A further, minor example of the same thing can be found later on in the same article when he writes of William Joyce:
He actually became rather a popular entertainment item in Britain, his arrogant drawling tones earning him the nickname “Lord Haw Haw.”
Despite that rather definitive statement as to why Joyce was known as "Lord Haw Haw" there is some question as which voice of German propaganda the original epithet "Lord Haw Haw" was used to describe. At least four different people were dubbed "Lord Haw Haw" during the war. We also know that some members of the British media simply used that phrase to describe any English language speaking German propagandists irrespective of their particular manners of speech.

Again, this is a minor point except that we become lazy listeners/readers and HItchens (like many other "respected" pundits") becomes a lazy writer/speaker thinker if the underpinnings of their arguments are not subjected to scrutiny.

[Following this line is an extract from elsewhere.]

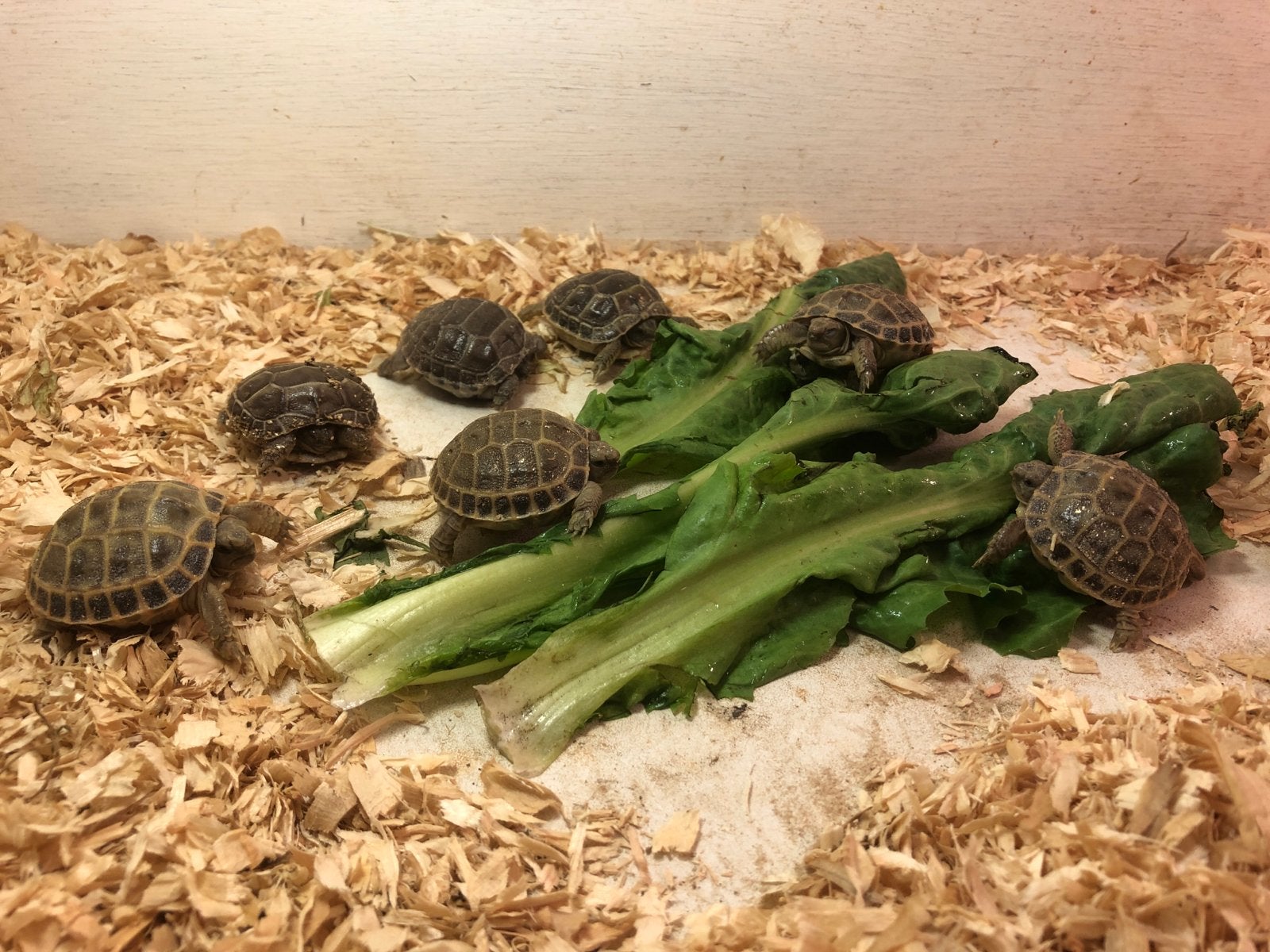 Landschildpad Vierteen Agrionemys Horsfieldi Tortoise photo 4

Interestingly enough neither of these points is pertinent to the case Hitchens is arguing--indeed they obfuscate it. William Joyce (the Lord Haw Haw to whom HItchens is referring) argued as to his "true" citizenship as part of his defense against being executed as a traitor. He claimed that since he was actually an American citizen he could not be guilty of treason to Britain. al-Awlaki, unlike Joyce, was not tried in a court of law. al-Awlaki was not executed he was assassinated. In fact he was assassinated while outside the United States on the basis of the President "deciding" he was a traitor. In other words, the argument is not whether al-Awlaki was actually an American citizen but whether the President acted extra-judicially. To bring up any other points is to muddy the situation rather than make it clearer.

As George Orwell, one of Hitchens' favourite writers, put it. "When there is a gap between one's real and one's declared aims, one turns, as it were, instinctively to long words and exhausted idioms, like a cuttlefish squirting out ink.”


  1. If al-Awlaki's citizenship isn't a critical point, then what is the big deal then? He isn't the first or even the hundredth person to die during this so-called war against terrorism without either a judicial ruling or even an actual Congressional declaration of war.

    The precedent being set here isn't "Can the President order the extrajudicial killings of people in general?" -- that's already been done over and over again (does anyone know how many drone attacks against terrorism suspects in the Middle East have been launched by Obama alone since 2008?) The precedent here is that this is the first time that this tactic has been specifically and openly directed against an American citizen. The lack of due process is a critical issue but the citizenship question is also important.

    Hitchens's column -- and most of the things he writes about terrorism, Islam, the Middle East, war -- has many problems but his decision to focus on al-Awlaki's citizenship is a valid choice since it is part of what makes this attack so much more controversial than all of the previous targeted killings by Bush and Obama.

  2. Hitchens is specifically very wrong about all matters Middle East and War. He's better when he sticks to atheism. The way he changed his mind about waterboarding -- esp. considering his health -- was pretty hardcore.

  3. @Mad Monkey: I really (obviously) disagree -- Hitchens is distracting people from the point that the American president considers himself to have the right to order the execution of anyone, anywhere on the grounds of "he has decided it should be done." The US keeps claiming that it is a country of laws and not men -- well it should considering acting on that claim.

    Second, I find it more than a little disturbing how much people accept the self-assured claims of people "who know" about things without even looking at them. I don't think Hitchens knows anywhere near as much about a lot of things as he claims. As Nyctotherion points out Hitchens is not infrequently quite inaccurate of "short on facts" on issues about the middle east.

    And, as an atheist, I have become less and less impressed with Hitchens on atheism as the years go by.